L'indiscrétion de cette question surprit Purcell. Il hésita. Mais non, il valait mieux répondre. La question n'était pas malveillante, et il allait passer toute sa vie, maintenant, avec cet homme.
Il dit d'une voix rapide et gênée :
« Mon père est mort. Ma mère... »
Il détourna les yeux.
« ... indifférente. »
Mason abaissa les yeux sur sa carte. Puis il reprit avec un sourire qui sentait l'effort.
« Eh bien, nous voilà embarqués sur le même bateau, monsieur Purcell. »
Le peu de chaleur de son ton blessa Purcell et il ne fit aucune remarque. Mason reprit :
« Vous avez déjà fait un séjour à Tahiti, je crois?
— Six mois, il y a quatre ans. J'étais hébergé chez un chef tahitien. C'est lui qui m'a appris la langue.
— Comment? dit Mason, vous parlez tahitien? Voilà qui va m'être fort utile. Vous le parlez couramment?
— Oui, capitaine.
— Au bout de six mois! Vous avez vraiment le don des langues, monsieur Purcell », ajouta-t-il avec un petit rire d'excuse, comme si c'était faire injure à un officier que de lui supposer un don intellectuel.
« Pensez-vous, reprit-il, que les Tahitiens nous donneront des vivres?

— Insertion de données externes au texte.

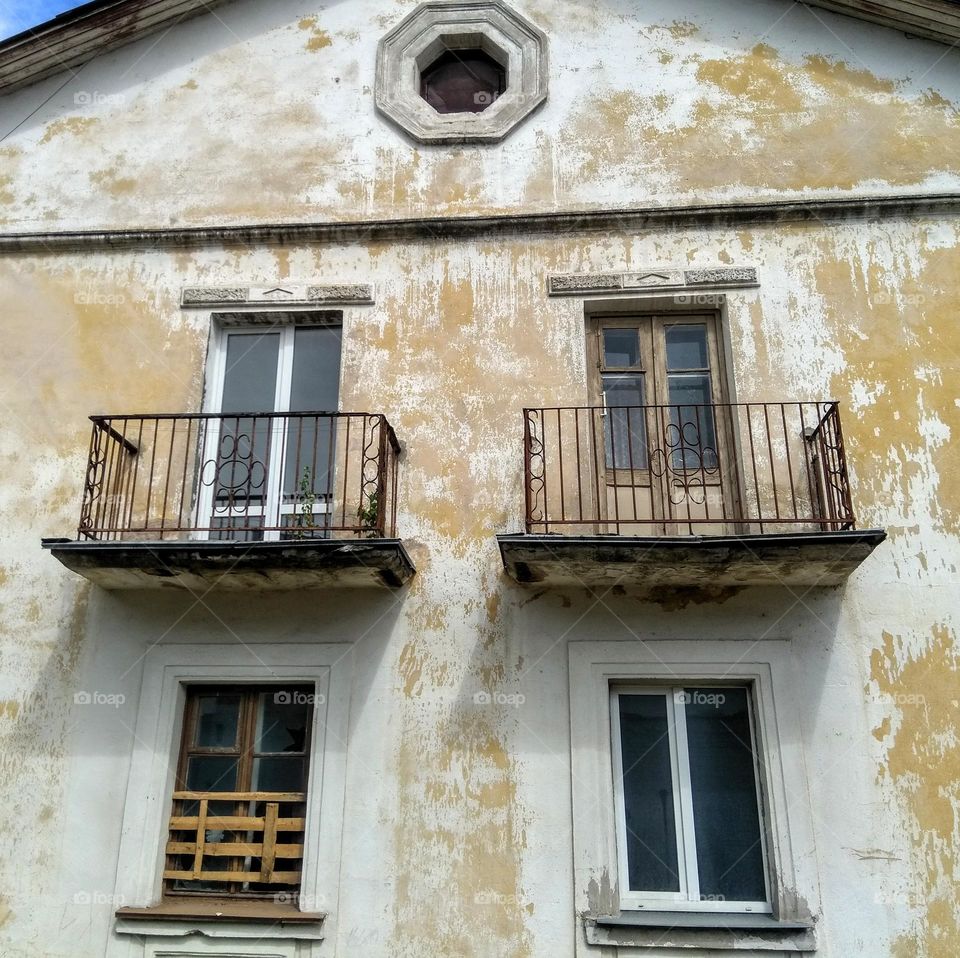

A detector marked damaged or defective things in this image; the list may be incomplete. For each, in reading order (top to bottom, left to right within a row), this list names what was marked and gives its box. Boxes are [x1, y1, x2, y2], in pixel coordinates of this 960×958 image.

rusted iron railing [77, 412, 402, 544]
rusted iron railing [524, 404, 856, 540]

— Tout ce que nous voudrons.
— Sans contrepartie?
— Sans contrepartie. Cependant, nous aurons des vols.
— Souvent?
— Toute la journée.
— C'est scandaleux! dit Mason en rougissant d'indignation.
— Mais non, dit Purcell. Ils vous donnent tout ce qu'ils ont et ils vous prennent tout ce qui leur fait envie : c'est leur idée de la fraternité. »

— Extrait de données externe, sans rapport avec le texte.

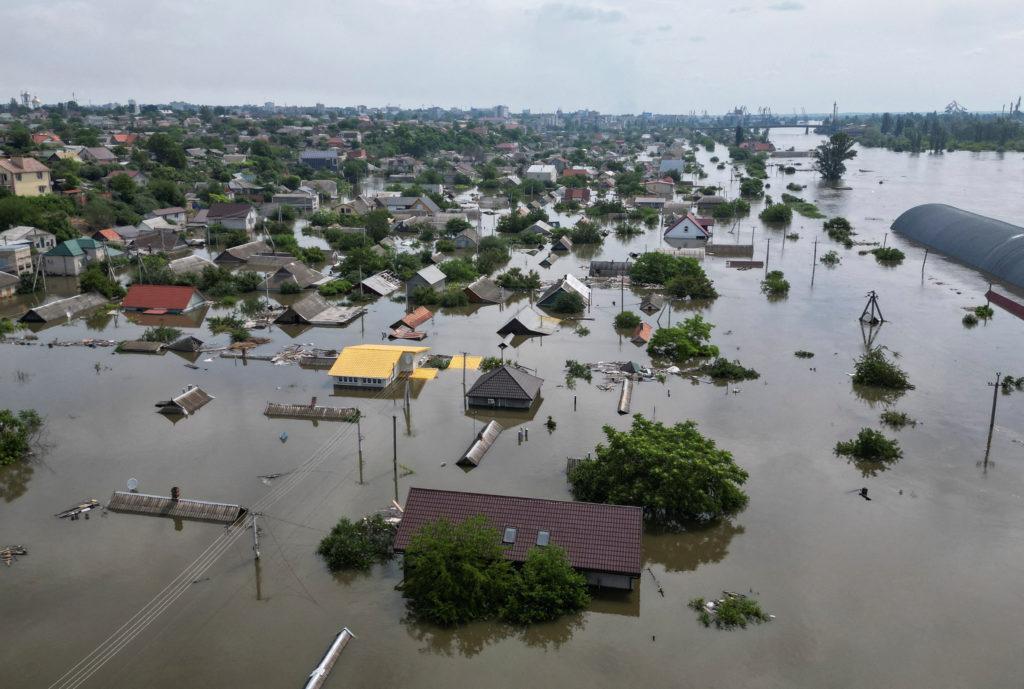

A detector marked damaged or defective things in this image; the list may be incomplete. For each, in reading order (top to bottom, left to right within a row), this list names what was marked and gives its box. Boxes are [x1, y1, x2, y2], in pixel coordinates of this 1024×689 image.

rusty metal roof [393, 487, 638, 577]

Mason tapota la table d'un air impatient. « Ce chef tahitien qui vous a hébergé...
— Otou.
— Est-il important?
— Très important. Il jouit d'un grand prestige : il a les yeux bleus. Il prétend descendre du capitaine Cook », ajouta Purcell avec un sourire.
Mason prit un air froid et gourmé, et Purcell mit quelque temps à comprendre : le capitaine Cook était capitaine. Il était donc irréprochable.

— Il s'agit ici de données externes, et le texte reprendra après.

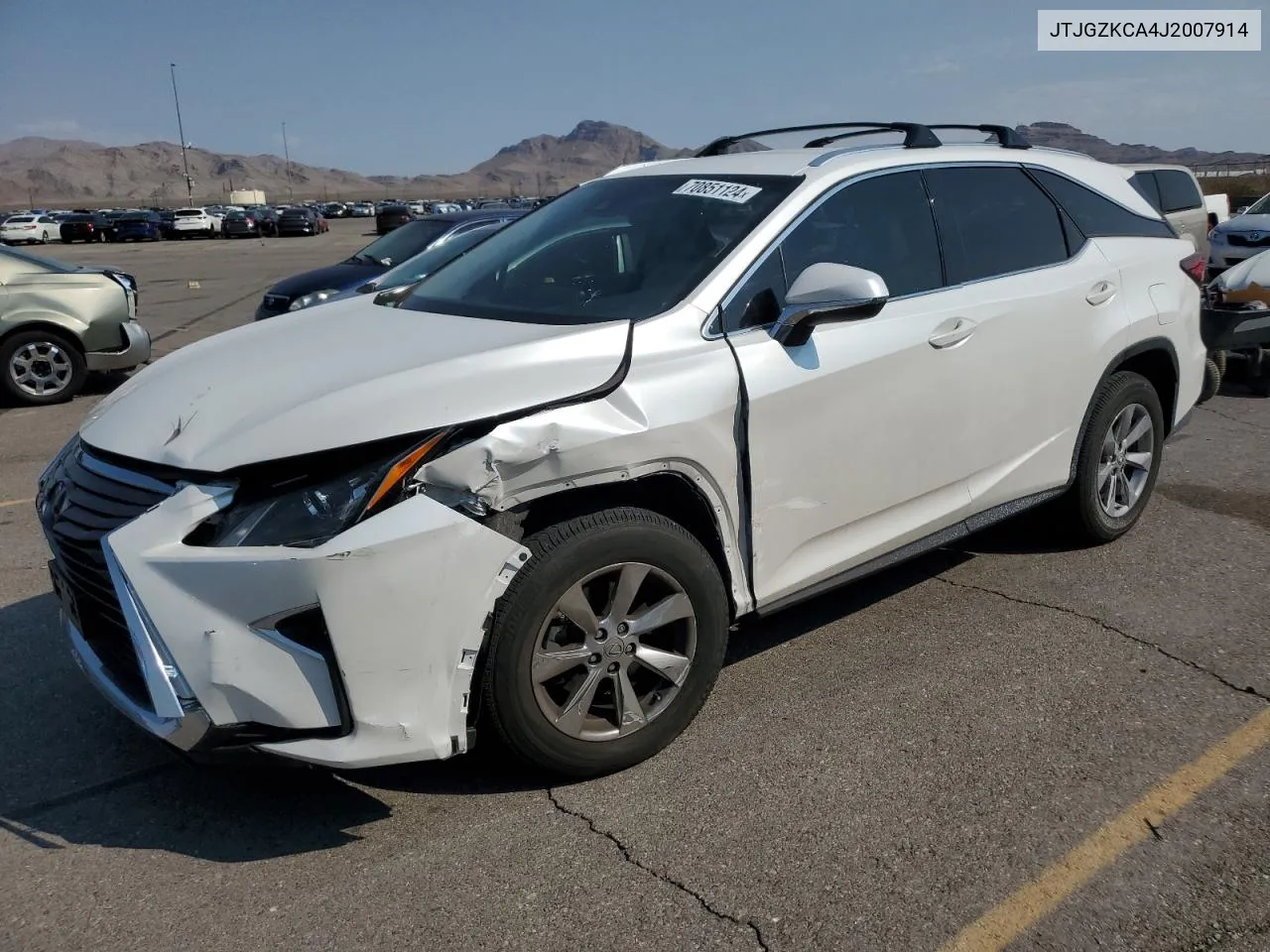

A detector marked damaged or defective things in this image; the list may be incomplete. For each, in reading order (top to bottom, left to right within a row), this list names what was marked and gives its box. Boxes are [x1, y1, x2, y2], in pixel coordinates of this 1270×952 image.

Mason se leva. Il n'était pas beaucoup plus grand que Purcell, mais si carré et si solide que Purcell se sentit presque frêle à côté de lui.
« Monsieur Purcell, dit Mason, et de nouveau une vague d'émotion envahit son visage et sa voix trembla perceptiblement, ne croyez pas que je ne sente pas toute ma responsabilité à l'égard de ces hommes qui, à cause de moi, ne reverront plus la Grande-Bretagne. Cependant, ajouta-t-il après une seconde de silence, si ce que j'ai fait était à refaire, je le referais. »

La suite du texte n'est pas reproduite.